PROBLEM STATEMENT:
Repeat the line that contains "TENSOR Elegant Butterfly" exactly, along with each following line up to and including the last line of the entries.

PROVIDED MATERIAL:

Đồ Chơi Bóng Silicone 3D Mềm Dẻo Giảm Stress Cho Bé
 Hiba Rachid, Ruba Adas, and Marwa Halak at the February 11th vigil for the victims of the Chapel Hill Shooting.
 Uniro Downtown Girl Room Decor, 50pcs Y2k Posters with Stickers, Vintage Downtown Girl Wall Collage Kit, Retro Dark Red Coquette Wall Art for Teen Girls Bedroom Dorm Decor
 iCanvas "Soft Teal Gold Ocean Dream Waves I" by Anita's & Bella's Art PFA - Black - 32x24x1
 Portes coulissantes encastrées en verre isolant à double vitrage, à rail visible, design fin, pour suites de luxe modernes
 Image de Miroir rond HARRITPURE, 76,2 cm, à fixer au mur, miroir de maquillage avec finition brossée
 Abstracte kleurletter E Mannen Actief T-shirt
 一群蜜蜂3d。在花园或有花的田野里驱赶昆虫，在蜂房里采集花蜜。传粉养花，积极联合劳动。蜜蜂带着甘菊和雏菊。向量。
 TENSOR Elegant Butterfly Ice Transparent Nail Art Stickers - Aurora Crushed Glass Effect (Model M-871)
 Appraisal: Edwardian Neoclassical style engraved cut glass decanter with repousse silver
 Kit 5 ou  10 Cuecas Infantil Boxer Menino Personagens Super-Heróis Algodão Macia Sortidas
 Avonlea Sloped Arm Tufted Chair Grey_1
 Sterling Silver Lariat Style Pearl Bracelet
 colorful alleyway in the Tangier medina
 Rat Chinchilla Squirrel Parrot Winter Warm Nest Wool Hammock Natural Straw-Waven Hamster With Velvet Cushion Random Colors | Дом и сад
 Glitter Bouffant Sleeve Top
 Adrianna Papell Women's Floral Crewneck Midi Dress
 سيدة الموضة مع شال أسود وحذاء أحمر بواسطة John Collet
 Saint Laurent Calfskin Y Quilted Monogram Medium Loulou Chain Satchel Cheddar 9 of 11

SOLUTION TO THIS PROBLEM:
 TENSOR Elegant Butterfly Ice Transparent Nail Art Stickers - Aurora Crushed Glass Effect (Model M-871)
 Appraisal: Edwardian Neoclassical style engraved cut glass decanter with repousse silver
 Kit 5 ou  10 Cuecas Infantil Boxer Menino Personagens Super-Heróis Algodão Macia Sortidas
 Avonlea Sloped Arm Tufted Chair Grey_1
 Sterling Silver Lariat Style Pearl Bracelet
 colorful alleyway in the Tangier medina
 Rat Chinchilla Squirrel Parrot Winter Warm Nest Wool Hammock Natural Straw-Waven Hamster With Velvet Cushion Random Colors | Дом и сад
 Glitter Bouffant Sleeve Top
 Adrianna Papell Women's Floral Crewneck Midi Dress
 سيدة الموضة مع شال أسود وحذاء أحمر بواسطة John Collet
 Saint Laurent Calfskin Y Quilted Monogram Medium Loulou Chain Satchel Cheddar 9 of 11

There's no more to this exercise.